# How to write a rate expression when one reactant is not soluble?

For a chemistry experiment, I would like to determine the rate expression for the reaction between zinc and hydrochloric acid. Given that zinc is not soluble in the water, would I use a "false" concentration of sorts and divide the moles of zinc added by the volume of the hydrochloric acid, or is one simply not able to write a rate expression for this reaction?

• Consider if the rate is meaningful: you can determine the degree of the equation, but the actual rate would be dependent on external factors, e.g., Is the zinc a single sphere, a nanometer thick sheet, etc.? What removes hydrogen bubbles that quickly remove Zn from contact with HCl? Gravity? Stirring? Mar 6 at 15:45
• Trying to evaluate reaction rates where three different phases are involved (solid, liquid, gas) is like opening the Pandora's box. Mar 7 at 15:59

(1) About the "false" concentration Hello. In general, a rate law may (among other magnitudes) include some measure of the concentration of all the participants, in this case $$\ce{Zn(s)} + \ce{2 HCl(aq)} \rightarrow \ce{ZnCl_2 (aq)} + \ce{H_2 (g)} \tag{1}$$

As you said correctly, zinc is not soluble on this medium. However, there is no such thing of "concentration of Zinc" or "concentration of a solid", because this is a pure solid, and there is no sense of talking about a measure of concentration of a pure solid phase. Mathematically this is an advantage for you, because the activity of a pure solid phase, is by definition 1, i.e. $$a_{\ce{Zn}} = 1$$ always.

(2) About the possibility to write down a rate law You can, sometimes easily sometimes not, track the concentration of a certain species in this solution. Here may come your knowledge in analytic chemistry for ions in solution for example.

If you can guarantee that only Eq. (1) takes place, this will be enough, and by stoichiometry you can find the moles of all the other species consumed/generated within time. After that, you can perform a mole balance and try to relate the rate of change of any concentration to the rate of reaction. However, finding a general equation that relates the set of experimental values to a rate law $$r$$ that depends on to the concentration of $$\ce{H^+}$$, of $$\ce{Cl^-}$$, the partial pressure of $$\ce{H_2}$$, the temperature $$T$$, etc., is a matter of art. Good luck in your experiment!

In principle, the rate law should include anything that changes the rate, or specify that parameters that were kept constant (temperature, for example). So you could say you investigated the rate law a room temperature and ambient pressure.

[OP] Given that zinc is not soluble in the water, would I use a "false" concentration of sorts and divide the moles of zinc added by the volume of the hydrochloric acid, or is one simply not able to write a rate expression for this reaction?

You would have to do some experiments to see what about the zinc affects the rate. Surface area would be a first guess. It is unlikely that the quantity you suggest would be directly linked to the speed of reaction. I don't think the reaction slows down when you add more hydrochloric acid to a block of zinc (but your "false" concentration would be lower).

[from the comments] What removes hydrogen bubbles that quickly remove Zn from contact with HCl? Gravity?
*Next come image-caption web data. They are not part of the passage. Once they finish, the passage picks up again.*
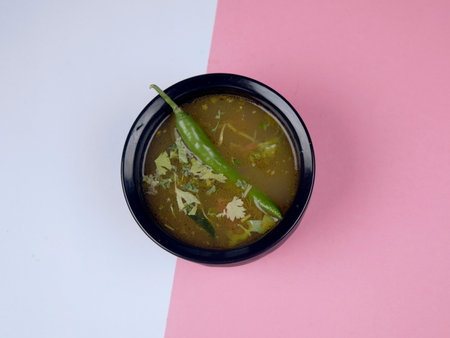 Indian curry in black bowl on pink and white background.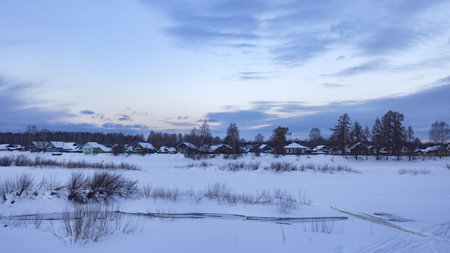 beautiful winter landscape with snow-covered field and village at sunsetの写真素材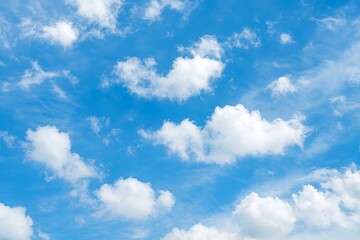 Fototapeta premium Beautiful blue sky with fluffy white cumulus and wispy cirrus clouds, isolated on white background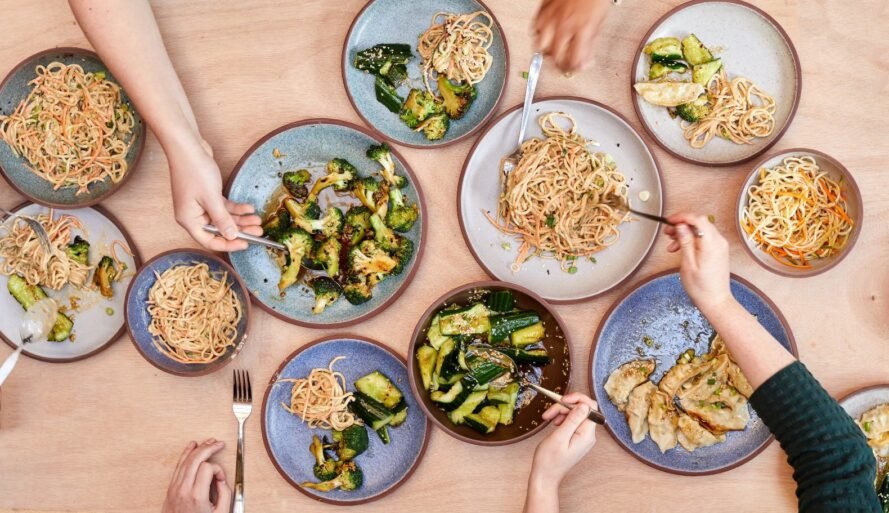 Granbyware assortment of plates and bowls filled with noodles and zucchini view from above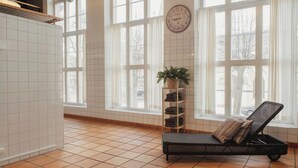 A room with large windows, a clock, a wicker lounge chair, and a shelf with folded towels.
Stirring?

If you stir, you would have to do an experiment whether the type of stirring and the speed of stirring affects the rate (or keep it constant and specify it when you state the rate law and constants, see above).

For a chemistry experiment, I would like to determine the rate expression for the reaction between zinc and hydrochloric acid.

The first rate laws you learn about are often zero, first or second order in a reactant. When it comes to heterogeneous reactions, you can expect more complicated behavior (which might look like zero or first order in same part of the multi-dimensional parameter space). A classic example is enzyme kinetics, where the reaction looks first order in substrate at lower concentration and zero order at higher concentration, with a rate law that is not a simple power law.